Although I usually use a Rothenburger now with MAPP gas, you really can't beat the cyclone burner for the Sievert ones. I don't think they sell the burner I have any more - you can get cyclones as complete heads (valve+tube, igniter and burner) or as add-ons for the hand torches (that use hoses), but not for the 87-series. The cyclone has let me make 15mm joints less than 1" from wallpaper without burning it. It's phenomenally efficient heating anything the flame can wrap around.

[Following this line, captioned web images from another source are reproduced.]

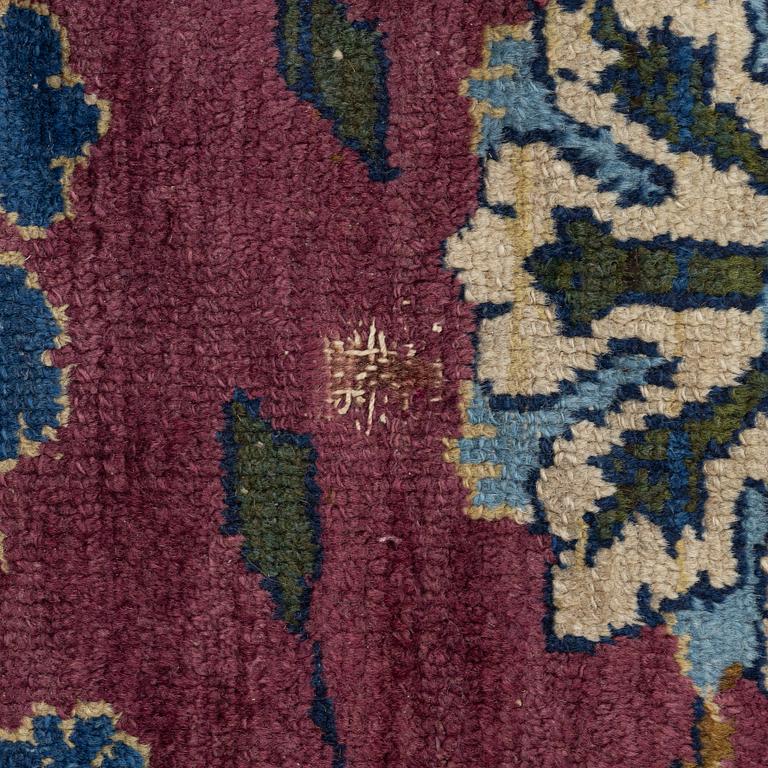 An antique rug, north-west Persian, so-called Vaghire, approx. 136 x 134 cm.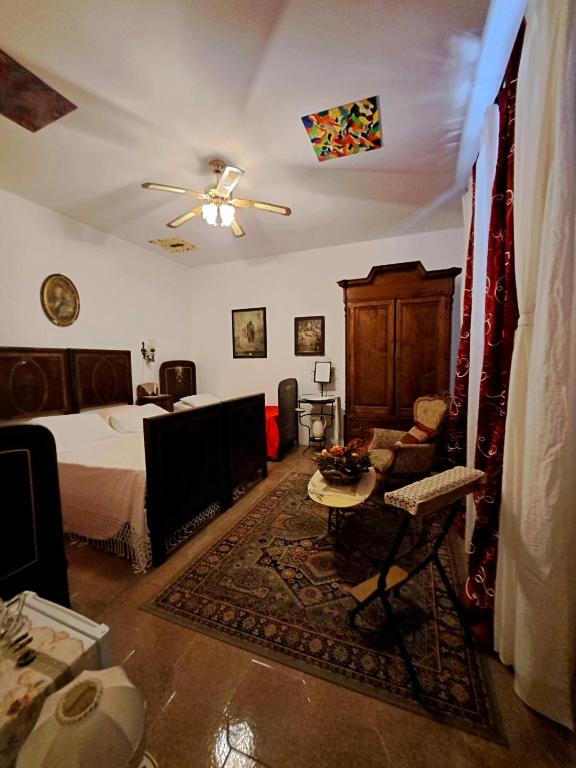Postel nebo postele na pokoji v ubytování Alchimia tra suoni e colori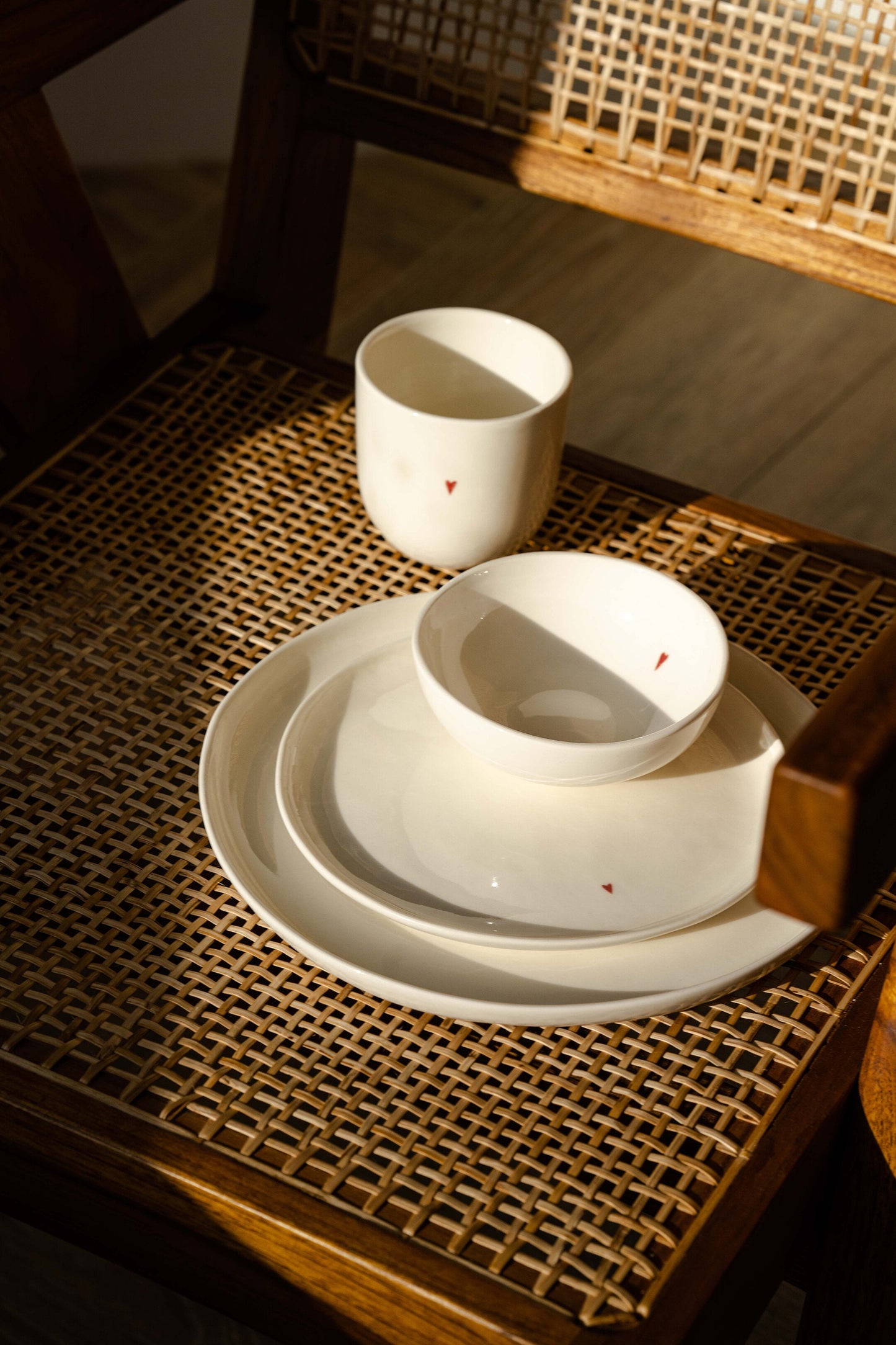 Handmade off-white porcelain dinner plates with red heart and inscription, dishwasher safe set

The Rothenburger has a similar idea - they call it 'swirl flame' instead - but it's not as good IMHO.

E.


----------



## Doug B (3 Jun 2015)

Eric The Viking":2fcb63n6 said:


> That's the one I have (that turns into a flamethrower).



Yep had that a few times usually means the nozzle needs cleaning out or replacing.



Eric The Viking":2fcb63n6 said:


> Also the picture is a bit misleading although the text makes it clear - that's for just the valve and tube - no cylinder nor actual burner.



I did state that in what I wrote



Eric The Viking":2fcb63n6 said:


> Although I usually use a Rothenburger now with MAPP gas, you really can't beat the cyclone burner for the Sievert ones. I don't think they sell the burner I have any more - you can get cyclones as complete heads (valve+tube, igniter and burner) or as add-ons for the hand torches (that use hoses), but not for the 87-series. The cyclone has let me make 15mm joints less than 1" from wallpaper without burning it. It's phenomenally efficient heating anything the flame can wrap around.
> 
> The Rothenburger has a similar idea - they call it 'swirl flame' instead - but it's not as good IMHO.
> 
> E.



The tool reps on the breakfast mornings regularly tried to flog these when they first came out, whilst I admit the push button ignition is handy I've never had a problem with the type of propane torch I linked to even when soldering close to decoration.


----------



## woodpig (3 Jun 2015)

This is interesting.

http://youtu.be/OV0KOxQP8gk

As he says, MAPP gas is three times the price but as his test shows doesn't burn that much hotter than Propane. 

They stopped making MAPP gas years ago, no idea how good the substitutes are.

http://en.m.wikipedia.org/wiki/MAPP_gas


----------



## Doug B (4 Jun 2015)

woodpig":1l0dt8ih said:


> This is interesting.
> 
> http://youtu.be/OV0KOxQP8gk
> 
> As he says, MAPP gas is three times the price but as his test shows doesn't burn that much hotter than Propane.



Doesn't surprise me, from time to time I work for a couple of gas fitter mates they both have the MAPP type gas with the newer self igniting torches & while more convenient they've never impressed me that much much that I thought I'd have to buy one.


----------



## Eric The Viking (4 Jun 2015)

Doug B":20jsby6b said:


> Eric The Viking":20jsby6b said:
> 
> 
> > That's the one I have (that turns into a flamethrower).
> ...


I assume you mean the burner itself. It's true that all of mine have taken a bit of stick down the years, but I thought the liquid trap is in the valve part - all the burners do it, including the paintstripper (fan) one, which hardly ever gets used as it's way too fierce for fine work. 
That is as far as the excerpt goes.